The Diary of Ellen Rimbauer is helped a great deal by two good performances in the lead roles. As the title narrator, Lisa Brenner has a lovely elegance. Ellen Rimbauer is a part that requires Brenner to alternate between radiating class and a vulnerable fragility. The vagaries of the writing tend to push the character of Ellen Rimbauer in different directions and one suspects were it not the enormous sympathy that Lisa Brenner creates, the character of Ellen might have merely come across as schizoid. There is also a fine cruel and harsh, yet also charming performance from Stephen Brand as John Rimbauer. The film also contains performances from Brad Greenquist, who might also be remembered as the undead Victor Pascow from another Stephen King adaptation, Pet Sematary (1989). The surprise name among the cast is 66-year-old Chinese-born actress Tsai Chin, better known as Lin Tang, the daughter of Fu Manchu in the 1960s Christopher Lee Fu Manchu movies.

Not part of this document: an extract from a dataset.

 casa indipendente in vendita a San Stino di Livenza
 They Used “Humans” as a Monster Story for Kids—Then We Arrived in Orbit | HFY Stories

Tsidii Le Loka was one of the spooky finds of Rose Red. Her heart-shaped face, tiny mouth and expressively large eyes had wonderful presence, but with her character brought out into the open here, Le Loka loses all her mystery. Now Sukeena only seems to be is the cliche of an African servant who speaks in ominous premonitions. More disappointingly, taking away the character’s veils of mystery only tends to reveals Tsidii Le Loka’s limitations as an actress.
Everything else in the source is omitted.